-- GIVEN RECORDS follows --

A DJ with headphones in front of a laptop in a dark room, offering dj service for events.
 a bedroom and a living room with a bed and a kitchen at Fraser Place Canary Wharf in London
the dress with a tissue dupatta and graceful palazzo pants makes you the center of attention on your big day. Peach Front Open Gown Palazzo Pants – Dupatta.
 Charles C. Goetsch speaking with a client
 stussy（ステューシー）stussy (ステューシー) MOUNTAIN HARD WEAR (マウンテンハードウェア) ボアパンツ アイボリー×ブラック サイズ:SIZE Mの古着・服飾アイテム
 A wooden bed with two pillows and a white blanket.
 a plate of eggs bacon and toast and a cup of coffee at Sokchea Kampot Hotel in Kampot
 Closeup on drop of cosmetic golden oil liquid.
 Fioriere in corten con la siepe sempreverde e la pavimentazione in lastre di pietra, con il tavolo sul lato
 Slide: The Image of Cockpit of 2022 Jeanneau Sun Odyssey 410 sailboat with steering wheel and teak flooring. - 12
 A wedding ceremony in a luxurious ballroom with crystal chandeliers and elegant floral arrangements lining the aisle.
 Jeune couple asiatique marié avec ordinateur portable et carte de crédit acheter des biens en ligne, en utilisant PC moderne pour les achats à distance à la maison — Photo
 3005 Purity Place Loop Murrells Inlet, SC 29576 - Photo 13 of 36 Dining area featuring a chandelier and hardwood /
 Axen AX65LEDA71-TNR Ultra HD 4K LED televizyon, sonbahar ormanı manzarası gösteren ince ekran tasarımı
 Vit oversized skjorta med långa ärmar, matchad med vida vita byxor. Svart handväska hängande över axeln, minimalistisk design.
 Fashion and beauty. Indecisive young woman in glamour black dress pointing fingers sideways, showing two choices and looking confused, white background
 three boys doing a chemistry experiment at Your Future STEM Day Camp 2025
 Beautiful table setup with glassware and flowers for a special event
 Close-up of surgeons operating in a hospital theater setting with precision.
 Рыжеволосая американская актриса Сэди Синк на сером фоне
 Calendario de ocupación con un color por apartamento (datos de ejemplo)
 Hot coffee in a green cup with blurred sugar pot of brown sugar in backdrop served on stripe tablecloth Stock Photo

-- GIVEN RECORDS concluded --

§ TRY IT:
Retype exactly, and only, the lines above from the one where "Vit oversized skjorta" occurs up to and including the one where "Fashion and beauty." occurs.

§ TASK SOLUTION:
 Vit oversized skjorta med långa ärmar, matchad med vida vita byxor. Svart handväska hängande över axeln, minimalistisk design.
 Fashion and beauty. Indecisive young woman in glamour black dress pointing fingers sideways, showing two choices and looking confused, white background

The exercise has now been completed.